# **EXPECTED SARSA**

It is the temporal difference learning method used in the model free learning. Expected SARSA, like its counterparts SARSA and Q-learning, is a Temporal Difference or TD learning method used in model-free RL, where we start by initializing a Q-table. Then, repeatedly, the agent chooses an action, receives a reward, and updates the table, until convergence is achieved. However, the key distinction of Expected SARSA over SARSA and Q-learning lies in its update rule.

**Expected SARSA update**\
While SARSA relies on the actual next action taken to update Q-values, and while Q-learning updates Q-values based on the maximum reward attainable from the next state, regardless of the policy being followed, Expected SARSA calculates the expected value of the next state based on all possible actions. This makes Expected SARSA more robust to changes and uncertainties, as it considers the average outcome of all possible next actions according to the current policy.

**Expected value of next sate**\
Expected SARSA's formula reflects this approach by focusing on the expected value of the next state. This is achieved by calculating the sum of the Q-values from all possible actions initiated from this state. Each Q-value is weighted by the probability of its corresponding action being selected under the current policy. In our context, since actions are chosen randomly for now when training, it means they have an equal probability of being selected.
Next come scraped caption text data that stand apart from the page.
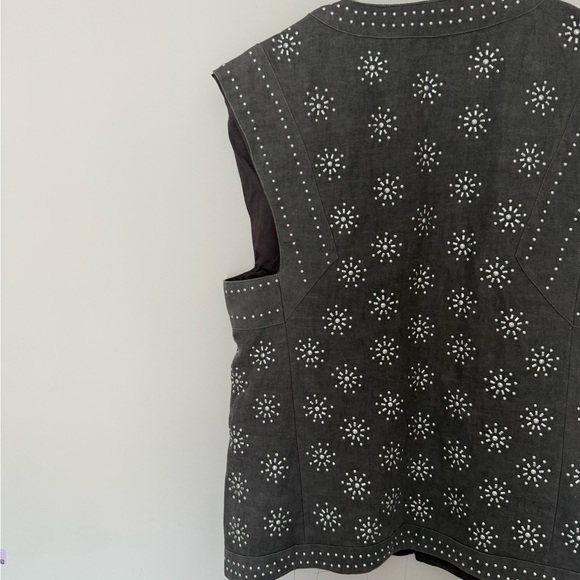 Zara Grey Embellished Open Vest - Picture 8 of 9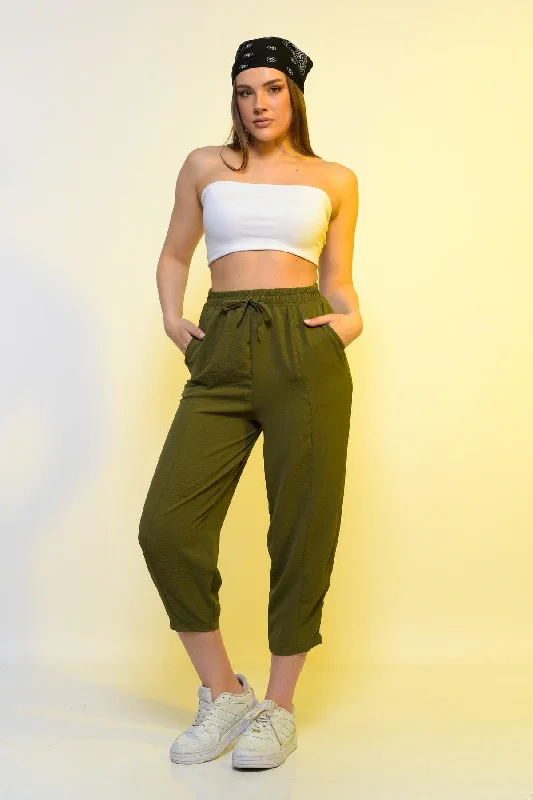 New Season Summer Elastic Waist Slim Pants High Waist Women Khaki Green Casual Trousers Trousers Favorite Customer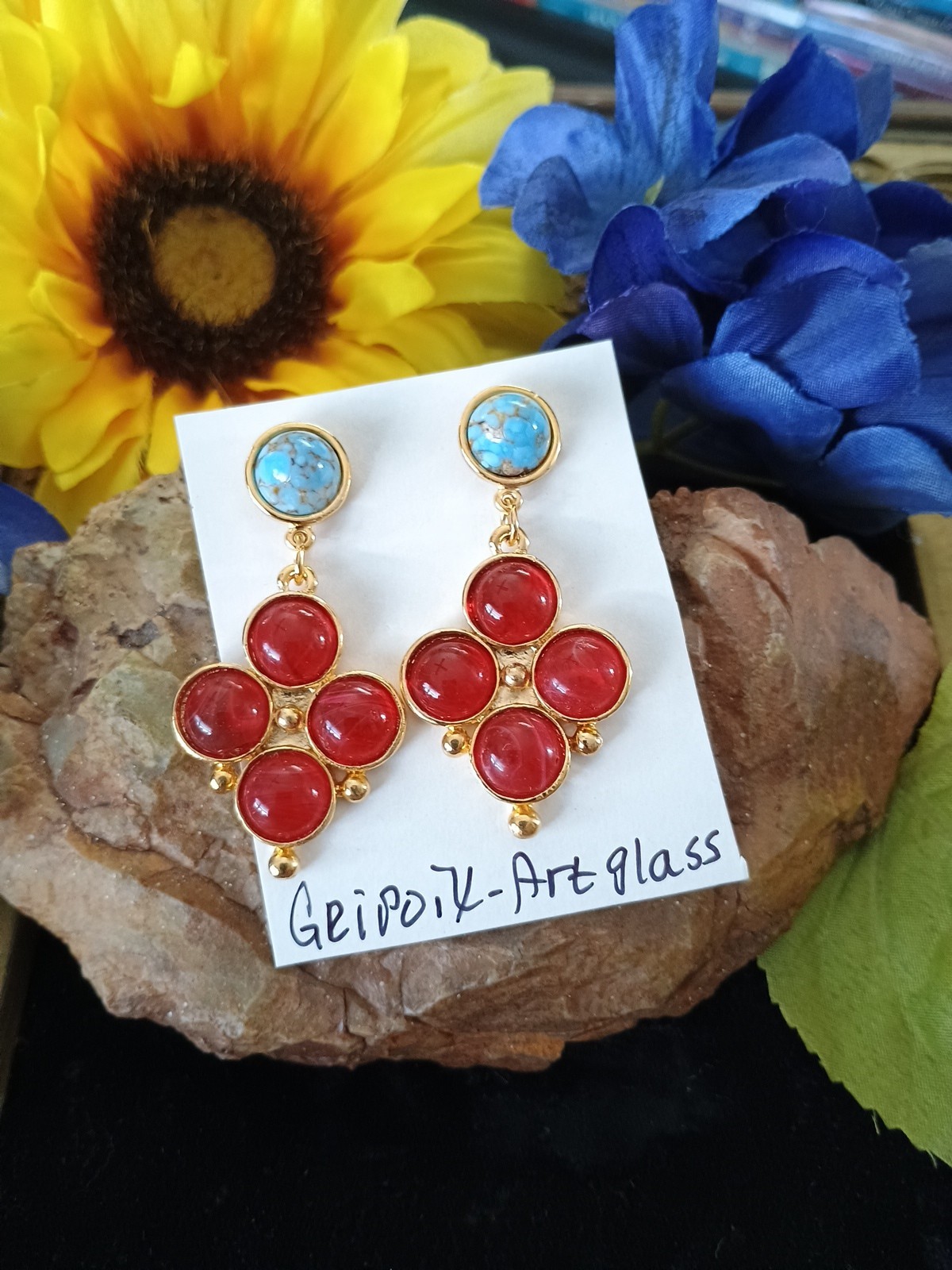 Haute Couture Designer Style Pierced Gripoix Art Glass Dandle Pierced Runway…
Therefore, the expected value simplifies to the mean of the Q-values for all actions in the next state.

### **Expected value of next state**
$$
\text{Q(s,a)} = (1-\alpha)+\alpha [r+\gamma E{Q(s^{'},A)}]
$$
$$
\text{E{Q(s',A)}}=\text{Sum}(Prob(a) * Q(s',a)\text{for a in A})
$$
For random actions with equal probablities:
$$
\text{E{Q(s',A)}}=Mean(Q(s',a)\text{for a in A})
$$

### **Implementation in Frozen Lake**

In [1]:
import gymnasium as gym
import numpy as np

In [4]:
env=gym.make('FrozenLake-v1',is_slippery=False)
num_states=env.observation_space.n
num_actions=env.action_space.n
Q=np.zeros((num_states,num_actions))
gamma=0.99
alpha=0.1
num_episodes=1000

In [6]:
def update_q_table(state,action,next_state,reward):
    expected_q=np.mean(Q[next_state])
    Q[state,action]=(1-alpha)*Q[state,action]+alpha*(reward+gamma*expected_q)

In [None]:
for i in range(num_episodes):
    state,info=env.reset()
    terminated=False
    while not terminated:
        action=env.action_space.sample()
        next_state,reward,terminated,truncated,info=env.step(action)
        update_q_table(state,action,next_state,reward)
        state=next_state

In [9]:
policy={state:np.argmax(Q[state]) for state in range(num_states)}
print(policy)

{0: np.int64(1), 1: np.int64(2), 2: np.int64(1), 3: np.int64(0), 4: np.int64(1), 5: np.int64(0), 6: np.int64(1), 7: np.int64(0), 8: np.int64(2), 9: np.int64(2), 10: np.int64(1), 11: np.int64(0), 12: np.int64(0), 13: np.int64(2), 14: np.int64(2), 15: np.int64(0)}